During an interview with Yahoo News’ Katie Couric, Ginsburg said that she didn’t believe the male justices truly understood the ramifications of their decision, and that contraceptive protection is something that every women has to have access to, in order to “control her own destiny.” According to ThinkProgress:
“Do you believe that the five male justices truly understood the ramifications of their decision?” Couric asked Ginsburg this week. “I would have to say no,” Ginsburg replied. “But the justices continue to think and change so I am ever hopeful that if the court has a blind spot today, its eyes will be open tomorrow.”

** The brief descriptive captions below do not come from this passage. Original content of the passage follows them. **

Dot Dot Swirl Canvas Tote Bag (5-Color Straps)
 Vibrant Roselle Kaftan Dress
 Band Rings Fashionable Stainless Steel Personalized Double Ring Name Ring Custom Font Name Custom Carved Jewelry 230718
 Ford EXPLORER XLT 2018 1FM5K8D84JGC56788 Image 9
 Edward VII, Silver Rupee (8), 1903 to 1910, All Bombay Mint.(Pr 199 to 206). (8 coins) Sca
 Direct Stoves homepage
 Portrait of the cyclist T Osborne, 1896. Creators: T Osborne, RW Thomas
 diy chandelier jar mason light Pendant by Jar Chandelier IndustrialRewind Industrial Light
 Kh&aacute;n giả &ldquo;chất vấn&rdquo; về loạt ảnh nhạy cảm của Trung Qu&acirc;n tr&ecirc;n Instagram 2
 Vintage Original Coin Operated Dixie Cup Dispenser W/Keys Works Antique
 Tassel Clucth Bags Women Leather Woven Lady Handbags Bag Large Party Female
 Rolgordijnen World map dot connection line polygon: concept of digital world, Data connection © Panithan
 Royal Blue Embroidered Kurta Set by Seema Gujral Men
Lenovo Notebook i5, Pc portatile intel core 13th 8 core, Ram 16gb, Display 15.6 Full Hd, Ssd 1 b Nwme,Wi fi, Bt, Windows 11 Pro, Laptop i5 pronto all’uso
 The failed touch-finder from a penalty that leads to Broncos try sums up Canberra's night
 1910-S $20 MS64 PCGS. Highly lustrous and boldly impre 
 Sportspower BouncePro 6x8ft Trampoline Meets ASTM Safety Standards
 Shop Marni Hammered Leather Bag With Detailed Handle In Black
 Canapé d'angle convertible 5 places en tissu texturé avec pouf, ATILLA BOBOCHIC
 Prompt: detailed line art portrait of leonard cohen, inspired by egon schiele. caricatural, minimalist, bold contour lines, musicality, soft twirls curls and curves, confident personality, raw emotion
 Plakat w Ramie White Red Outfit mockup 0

“Contraceptive protection is something every woman must have access to, to control her own destiny,” Ginsburg told Couric. The decision allowing an employer to refuse to cover those contraceptives “meant that women would have of that for themselves.”
She analogized the “blind spot” the justices had in this case to that in the 2007 ruling against plaintiff Lilly Ledbetter, a woman whose fair pay lawsuit was rejected by the court. She has framed on her wall the Lilly Ledbetter Fair Pay Act, passed by Congress two years later to correct the Supreme Court ruling in which she dissented. It was the first piece of legislation signed by President Barack Obama.
Ginsburg said the passage of the law is one of her proudest achievements, because in her dissent to that case, “I said the ball is now in Congress’ court to correct the error into which the court has fallen. And Congress did it in record time.”
During her interview, Ginsburg praised the US tradition of dissents, and noted that “many of those dissents are now unquestionably the law of the land.” She used Justice John M. Harlan’s dissent to the separate but equal ruling in Plessy v. Fergson as an example. She also reiterated her 32-page dissent, and the utter ridiculousness of allowing a piece of legal fiction to have religious beliefs:
“I certainly respect the belief of the Hobby Lobby owners,” Ginsburg told Couric. “On the other hand, they have no constitutional right to foist that belief on the hundreds and hundreds of women who work for them who don’t share that belief. I had never seen the free exercise of religion clause interpreted in such a way.”
She explained how the law is supposed to work with an analogy she used in her dissent: A person has freedom to move his or her arms until it “hits the other fellow’s nose.” “It’s the same way with speech. Same way with religion. You can exercise your right freely until the point where it is affecting other people who don’t share your views.”
On the male justices’ future evolution, Ginsburg said she believes that “daughters can change the perception of their fathers.” She also believes that progress wins out over the course of history. Asked about the landmark Citizens United ruling that struck down limits on corporate political spending, Ginsburg said she believes her dissent in that case will also one day be the law of the land.
“That is my expectation,” she said. “I may not be around to see it but it will happen.”
Above the framed copy of the Lilly Ledbetter Fair Pay Act in her chambers, Ginsburg has a photograph of the signing of the act, given to her by President Obama with a personal message. “Happy birthday,” he wrote, “and thanks for helping to create a more equal and just society.”
She’s certainly done more than her fair share of work to establish a more equal and just society, that’s for sure.